TOS one frog is still alive and had been in this tank for a while I'm guessing this tank is stable for frogs, any other theories for this frogs death if cycling issues are ruled out?


----------



## Georgia Peach (Sep 23, 2005)

post your water parameters - its going to be hard to help you without those. I have ACF so I know a fair amount about them.. maybe I can help


----------



## garfieldnfish (Jan 18, 2005)

Could have been just bad luck. When I bought my first 6 about 2 years ago, one of them died within 2 days for no obvious reasons. One female got murdered by a male about 1 year ago but I still have the other 4 remaining original frogs and they have been mating like crazy. I even raised one of the tadpoles. I could not figure out why the first one died either but since the others are doing just fine, this could be just like with fish stress from the move etc. I would buy another one as they like company of their own kind.


----------



## redpaulhus (Jan 18, 2005)

How long has the tank been setup ?
(or did I miss that someplace ?)


----------



## squishy (Mar 8, 2007)

well if you had aquarum salt then thats why or it might be some b stuff in yur tank


----------



## 1stfishies (Feb 25, 2007)

Have you read about the Nitrogen Cycle, if not all those posters "big" words may not be nothing, Ill put a link on here. It will teach you the basics about he fish cycle in not so "big" words.
Here it is ---> http://www.tropicalfishcentre.co.uk/Cycle.htm


----------



## Guest (Mar 15, 2007)

what were you feeding it? they are kinda picky eaters


----------



## Guest (Apr 26, 2007)

they are hardy in my experiace unlees there uis ammonia


----------



## Mazzy (Dec 16, 2006)

I agree they are pretty hardy little guys. I had one in with 3 fancy goldfish and it didn't have issues with tank water - water was good but I'm sure directly after feeding, had I done testing right at that moment, there may have been a little spike in amonia. 
Anyway, if you pick up a new one, look for a "fat" guy.
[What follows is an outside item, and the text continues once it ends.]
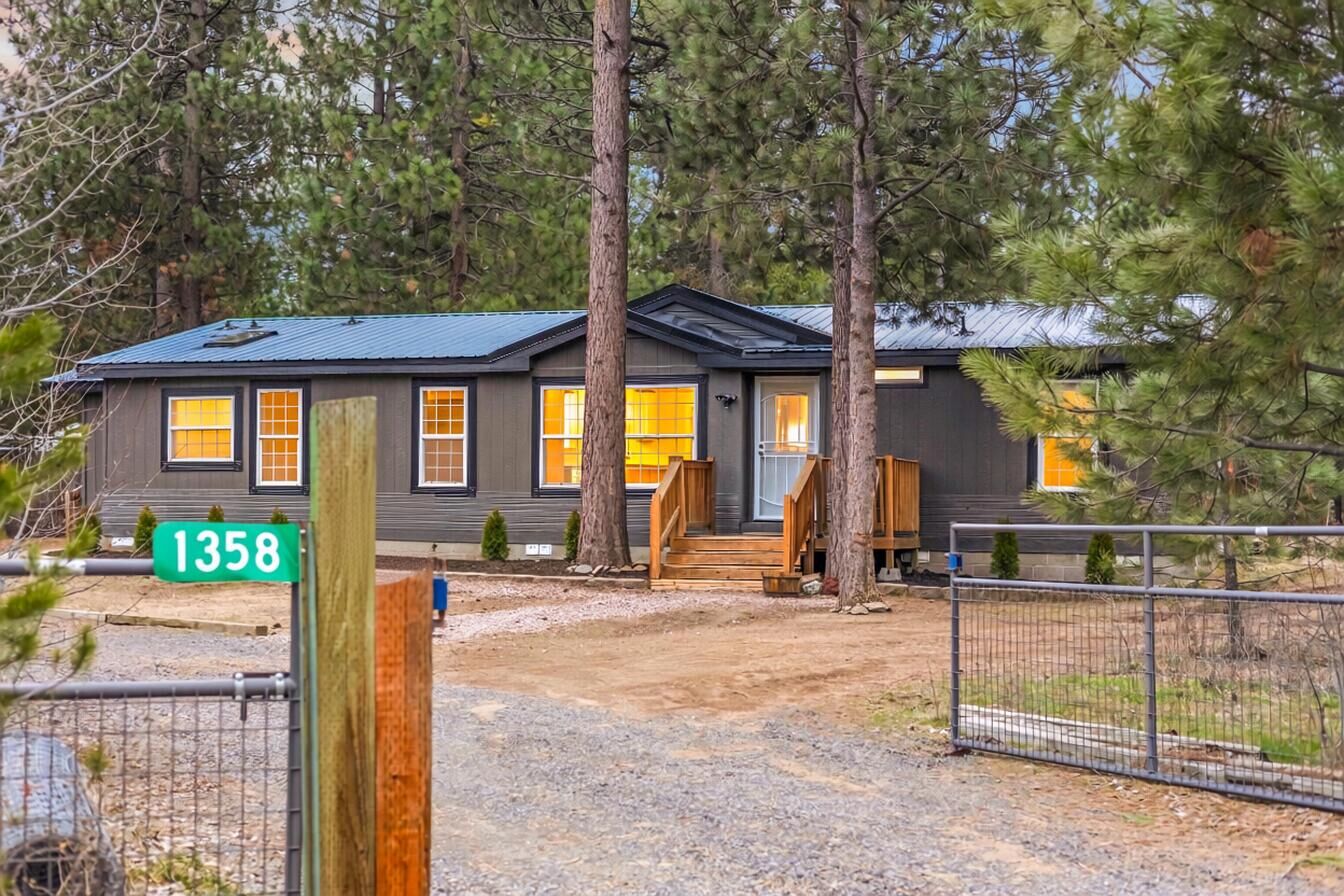 Property Photo:  1358 Linda Drive  OR 97739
If stomach is sunken, or one looks unusually tiny compared to the rest, pass on that one. Also, as "cute and fuzzy" as frogs appear, there is no frog on this earth that won't eat other frogs if one can fit in it's mouth so try to get one of comparable size - your other one just may have been the victim of a homicide


----------



## Guest (May 7, 2007)

Yeah get a fat one he is right


----------



## Guest (May 18, 2007)

i had one named Meg......
she scared me when she jumped so i got rid of her.


----------



## Guest (May 18, 2007)

hoofclopson, again with the pointless posts? No offence, but you didn't add any relevant information to the issue. I doubt telling anyone that your frog scared you when it jumped helped the OP. Who, btw, posted this over a year ago...For the record, don't buy anything if you're going to get rid of it just because it jumps.


----------



## bscman (Mar 23, 2007)

Ichthius said:


> hoofclopson, again with the pointless posts? No offence, but you didn't add any relevant information to the issue. I doubt telling anyone that your frog scared you when it jumped helped the OP. Who, btw, posted this over a year ago...For the record, don't buy anything if you're going to get rid of it just because it jumps.


Hmmm...
I guess now I know why the sticky was posted not long ago...
(Reviving old posts for NO reason at all :chair: )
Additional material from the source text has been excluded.